**Problem details**.
Of the lines below, write out exactly those from the line with "map of restaurants, bars, coffee" through the line with "Apple Watch 42mm", both included, and skip the rest.

** Exercise input follows **

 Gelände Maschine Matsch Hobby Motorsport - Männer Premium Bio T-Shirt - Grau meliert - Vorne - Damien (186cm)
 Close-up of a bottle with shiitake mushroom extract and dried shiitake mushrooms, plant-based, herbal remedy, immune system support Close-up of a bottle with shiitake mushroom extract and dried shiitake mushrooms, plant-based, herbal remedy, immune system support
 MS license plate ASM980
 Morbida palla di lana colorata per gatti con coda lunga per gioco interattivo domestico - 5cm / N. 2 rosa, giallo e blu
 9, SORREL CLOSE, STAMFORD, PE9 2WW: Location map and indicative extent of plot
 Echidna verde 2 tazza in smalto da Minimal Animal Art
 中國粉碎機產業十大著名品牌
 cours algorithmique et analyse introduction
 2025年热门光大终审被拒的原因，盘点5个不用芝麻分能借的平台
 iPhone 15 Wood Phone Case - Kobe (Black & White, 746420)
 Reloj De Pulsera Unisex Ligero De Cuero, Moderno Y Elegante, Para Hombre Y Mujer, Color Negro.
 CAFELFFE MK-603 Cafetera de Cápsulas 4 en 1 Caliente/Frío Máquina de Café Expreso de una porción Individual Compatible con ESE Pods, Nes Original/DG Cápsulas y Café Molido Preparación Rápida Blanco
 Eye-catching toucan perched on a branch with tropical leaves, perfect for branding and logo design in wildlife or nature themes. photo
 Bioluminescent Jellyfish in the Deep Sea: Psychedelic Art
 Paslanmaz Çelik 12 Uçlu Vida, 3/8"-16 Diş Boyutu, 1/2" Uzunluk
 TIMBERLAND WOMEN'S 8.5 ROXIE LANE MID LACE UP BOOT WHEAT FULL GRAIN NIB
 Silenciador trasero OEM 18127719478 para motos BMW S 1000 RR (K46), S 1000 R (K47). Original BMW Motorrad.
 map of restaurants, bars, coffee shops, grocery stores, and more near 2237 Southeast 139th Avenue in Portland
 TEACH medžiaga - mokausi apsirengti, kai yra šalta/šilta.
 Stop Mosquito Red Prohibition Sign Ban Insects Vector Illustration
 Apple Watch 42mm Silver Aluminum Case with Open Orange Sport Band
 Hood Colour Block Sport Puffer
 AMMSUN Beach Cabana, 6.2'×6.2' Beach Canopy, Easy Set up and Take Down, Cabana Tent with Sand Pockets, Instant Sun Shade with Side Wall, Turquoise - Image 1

** End of Exercise input **

**Your solution**.
 map of restaurants, bars, coffee shops, grocery stores, and more near 2237 Southeast 139th Avenue in Portland
 TEACH medžiaga - mokausi apsirengti, kai yra šalta/šilta.
 Stop Mosquito Red Prohibition Sign Ban Insects Vector Illustration
 Apple Watch 42mm Silver Aluminum Case with Open Orange Sport Band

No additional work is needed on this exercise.